**WHAT NEEDS TO BE DONE:** Starting at the line containing "Detail image of 2' x 10' Lotus Runner Rug" and ending at the line containing "french-onion-grilled-cheese-video.jpg", print every line of the material below exactly, both ends included, and stop there.

**TASK INPUTS:**
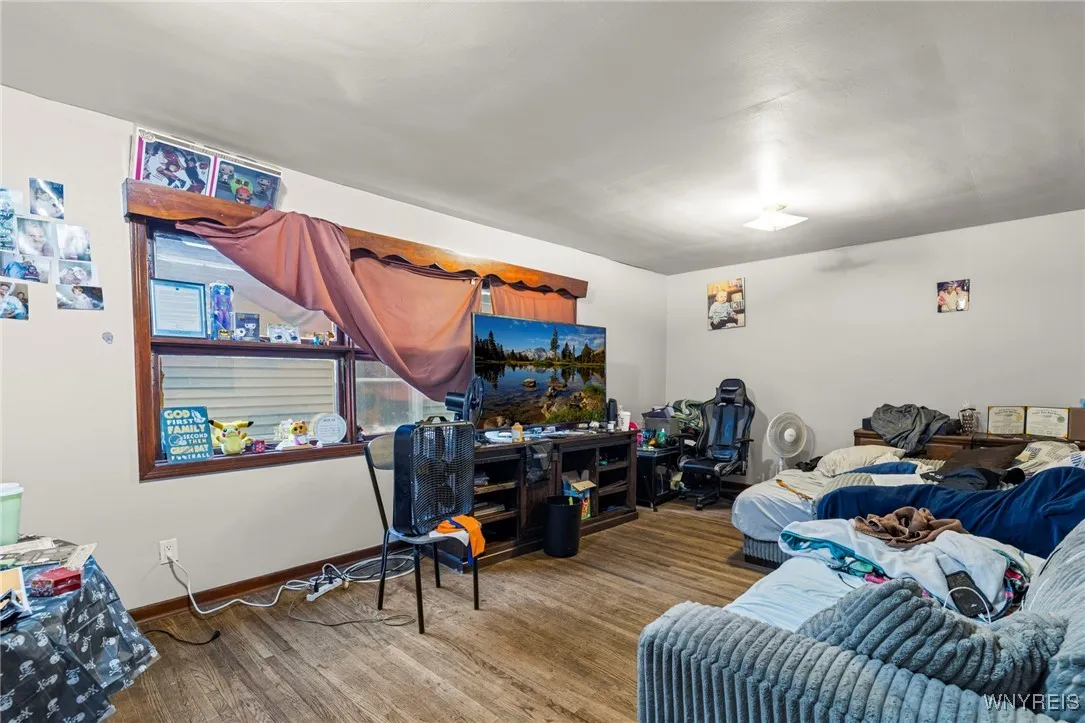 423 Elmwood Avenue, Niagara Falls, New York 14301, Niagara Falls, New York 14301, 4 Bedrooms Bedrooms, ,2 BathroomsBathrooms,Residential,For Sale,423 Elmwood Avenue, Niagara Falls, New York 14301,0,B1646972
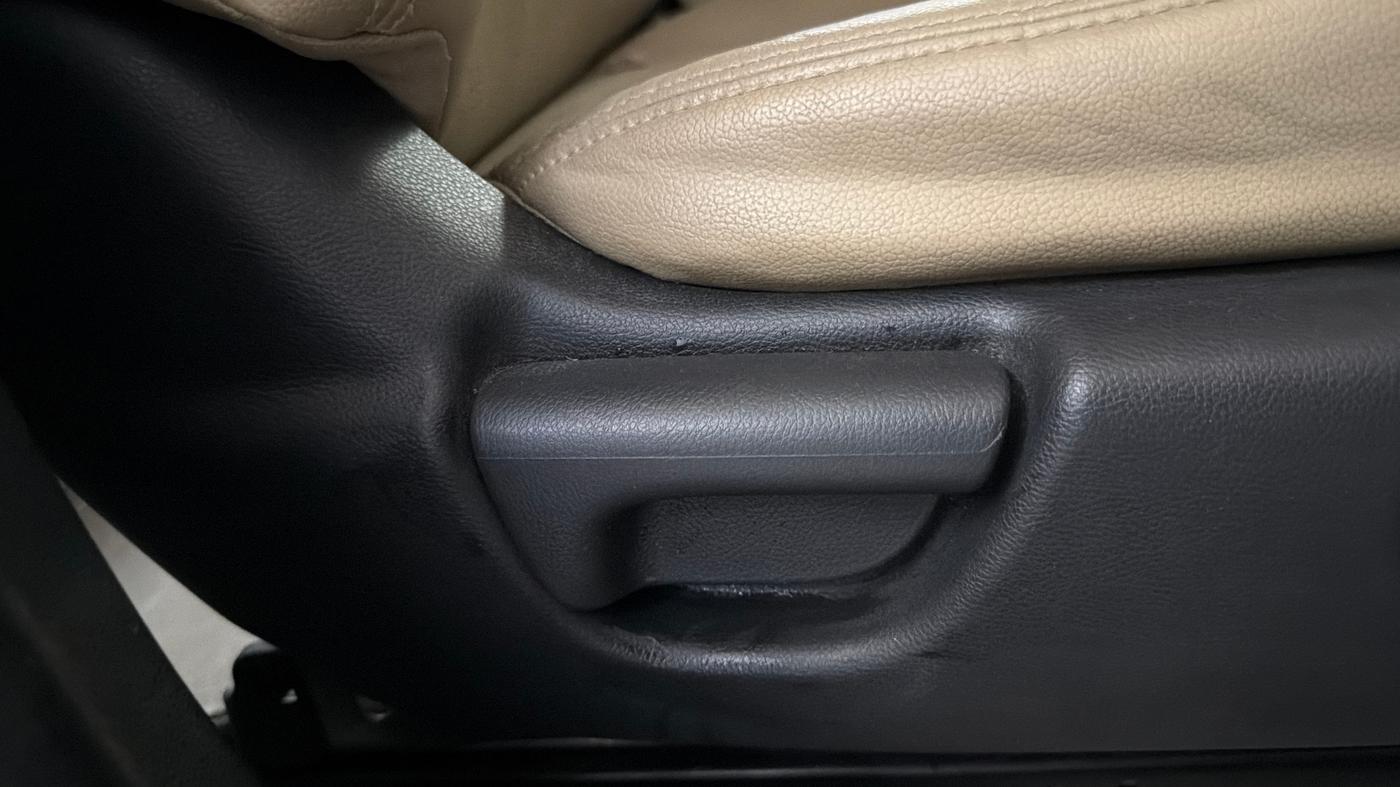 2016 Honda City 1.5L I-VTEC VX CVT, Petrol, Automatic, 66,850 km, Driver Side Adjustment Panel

* * *

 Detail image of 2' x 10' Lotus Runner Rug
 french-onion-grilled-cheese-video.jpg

...

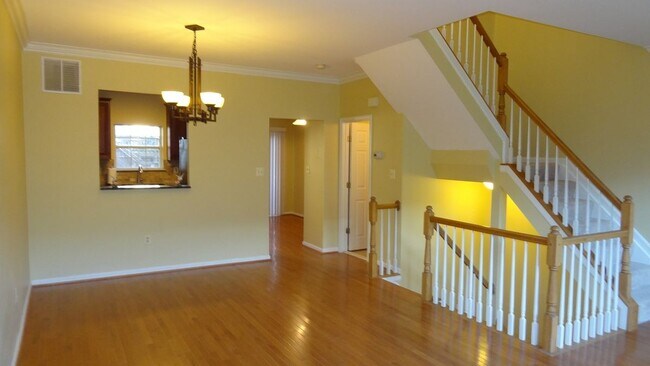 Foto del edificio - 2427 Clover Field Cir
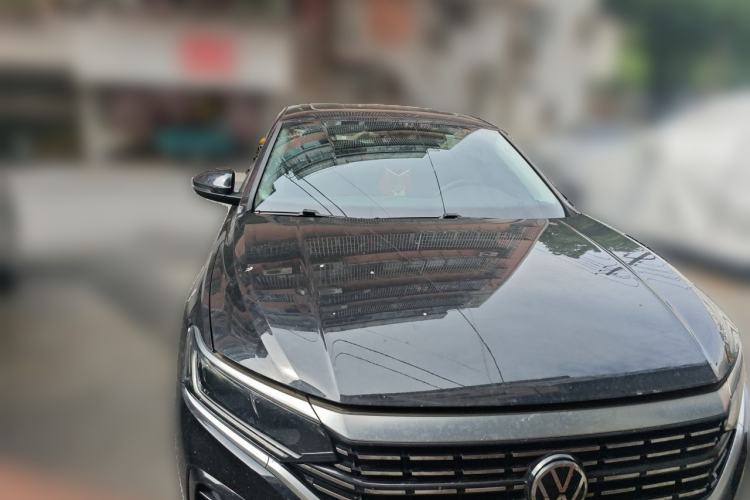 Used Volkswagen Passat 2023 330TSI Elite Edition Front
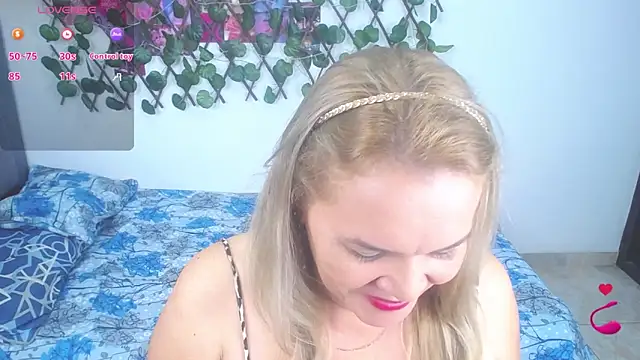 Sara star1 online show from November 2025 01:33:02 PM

**TASK RESPONSE:**
 Detail image of 2' x 10' Lotus Runner Rug
 french-onion-grilled-cheese-video.jpg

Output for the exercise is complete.